Saved data entries:
————————

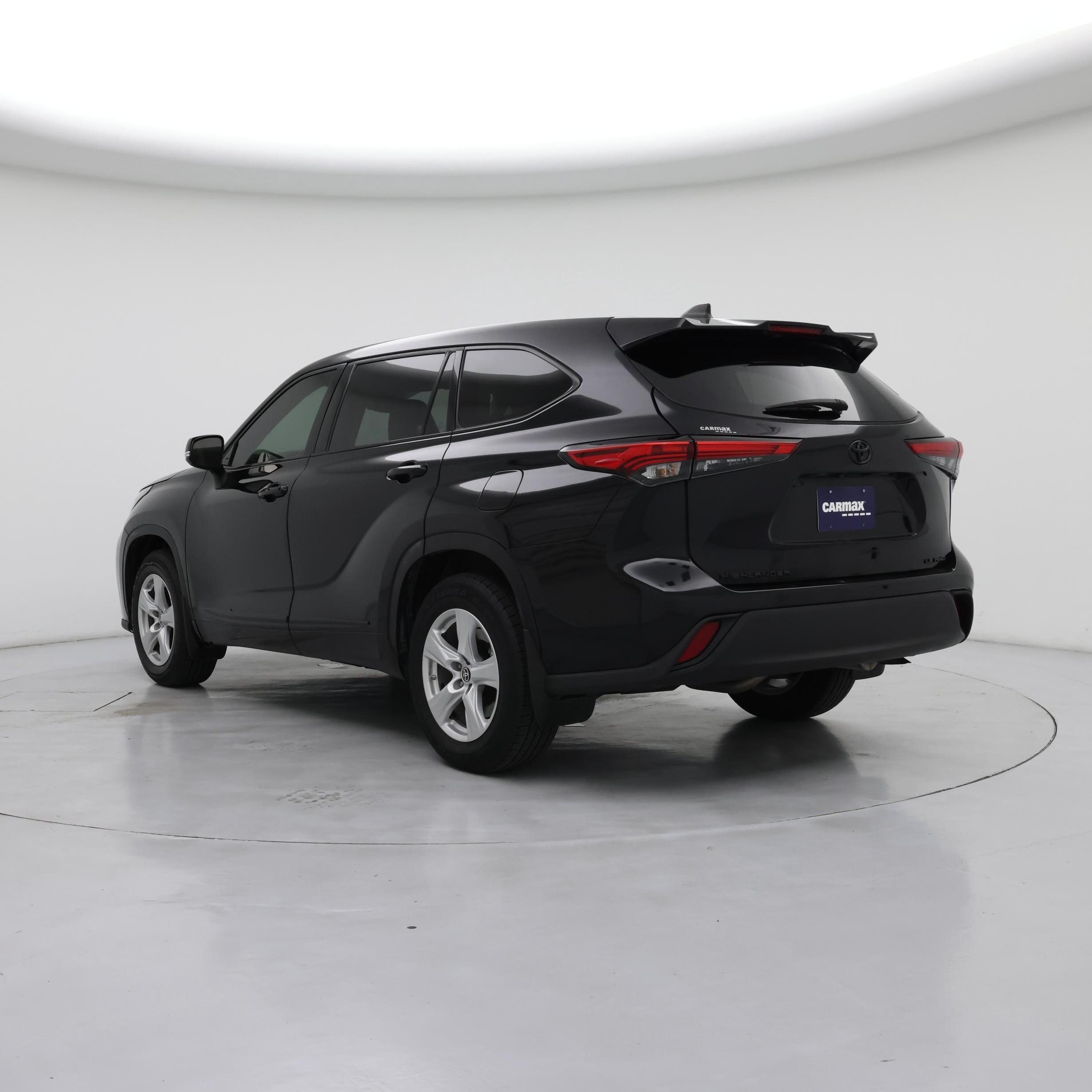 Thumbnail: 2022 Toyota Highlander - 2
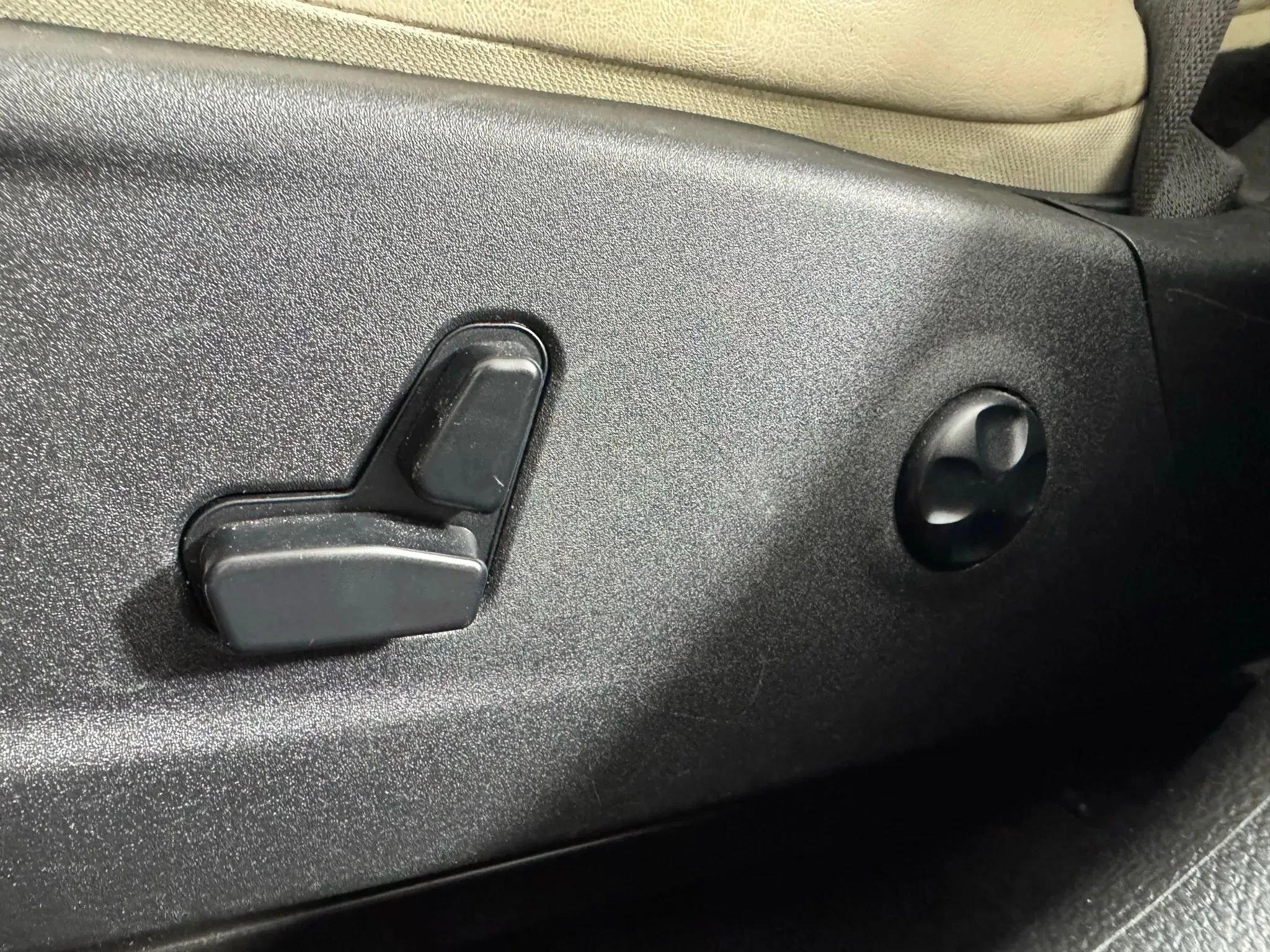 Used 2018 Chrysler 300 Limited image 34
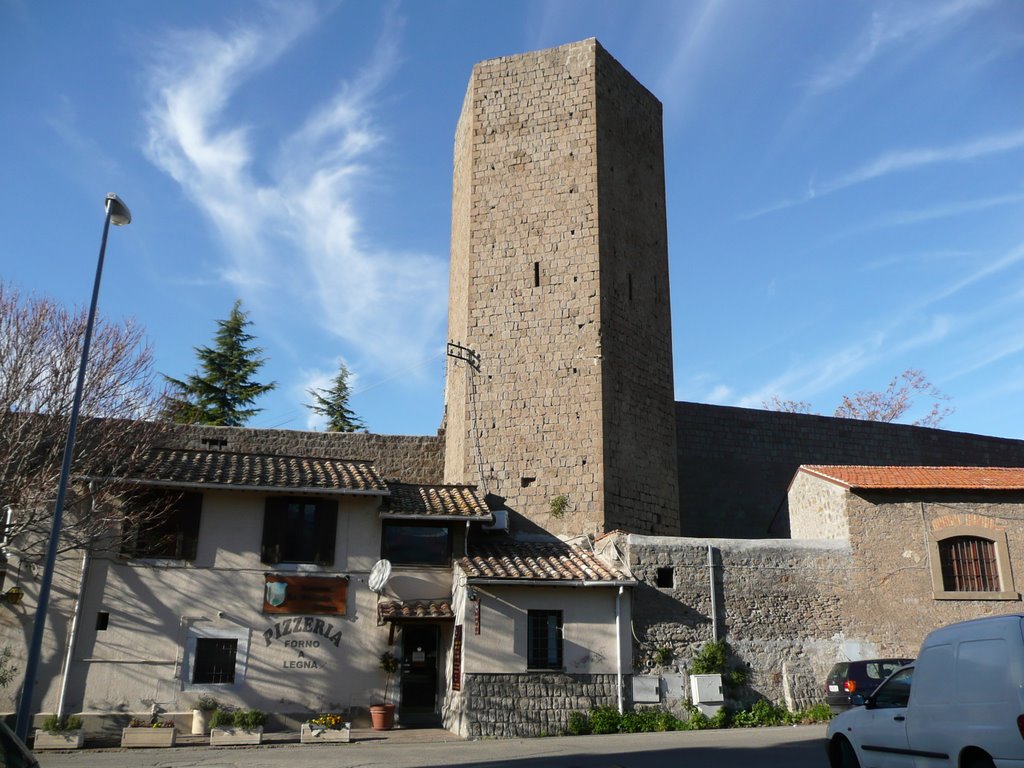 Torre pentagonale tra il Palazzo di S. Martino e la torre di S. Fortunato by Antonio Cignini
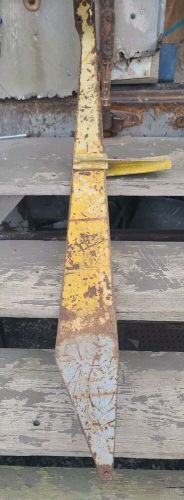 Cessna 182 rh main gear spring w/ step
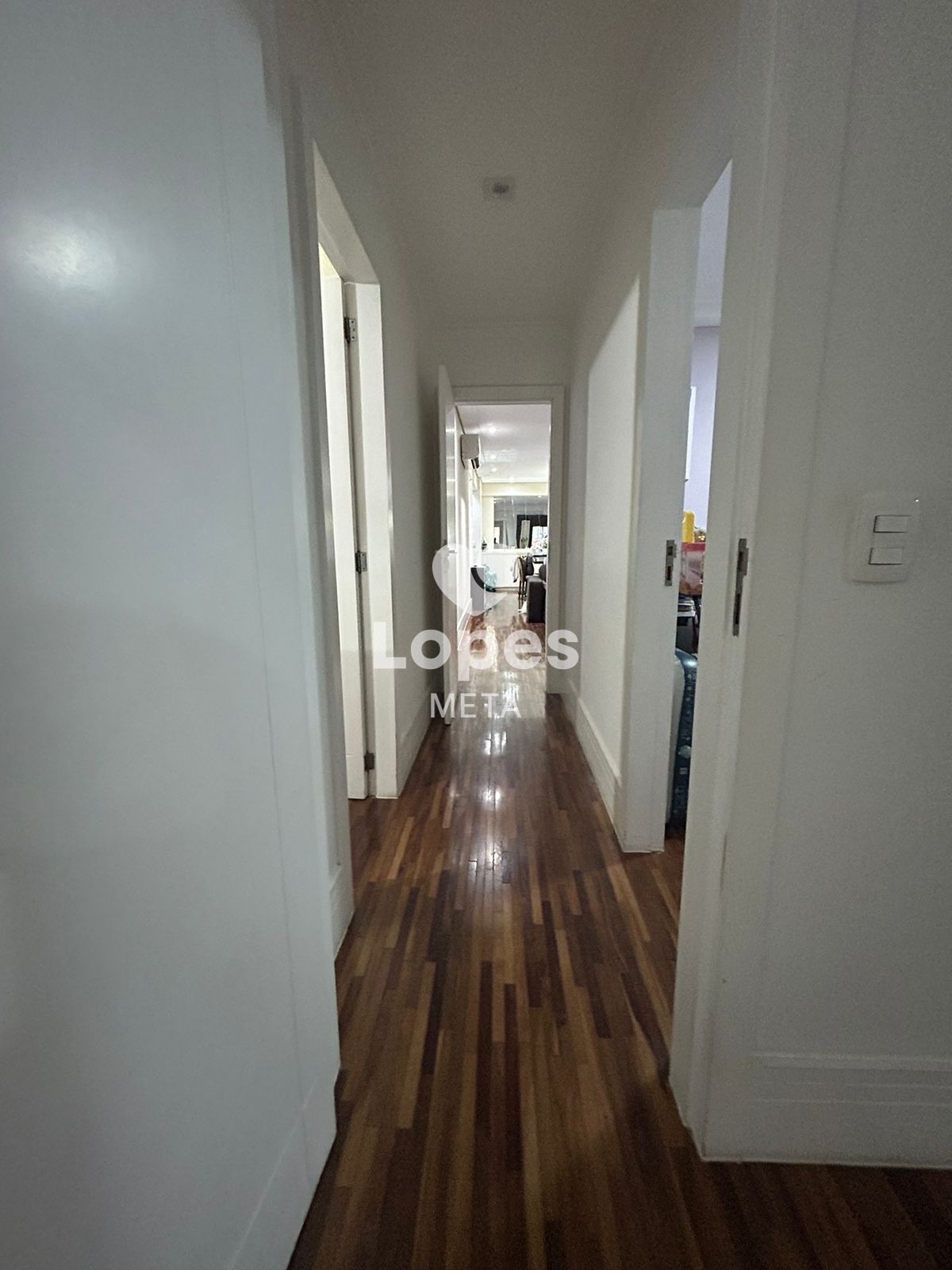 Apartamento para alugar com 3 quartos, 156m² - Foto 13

————————

Task item: If the data includes images, skip them and copy every line exactly.

Written response:
 Thumbnail: 2022 Toyota Highlander - 2
 Used 2018 Chrysler 300 Limited image 34
 Torre pentagonale tra il Palazzo di S. Martino e la torre di S. Fortunato by Antonio Cignini
 Cessna 182 rh main gear spring w/ step
 Apartamento para alugar com 3 quartos, 156m² - Foto 13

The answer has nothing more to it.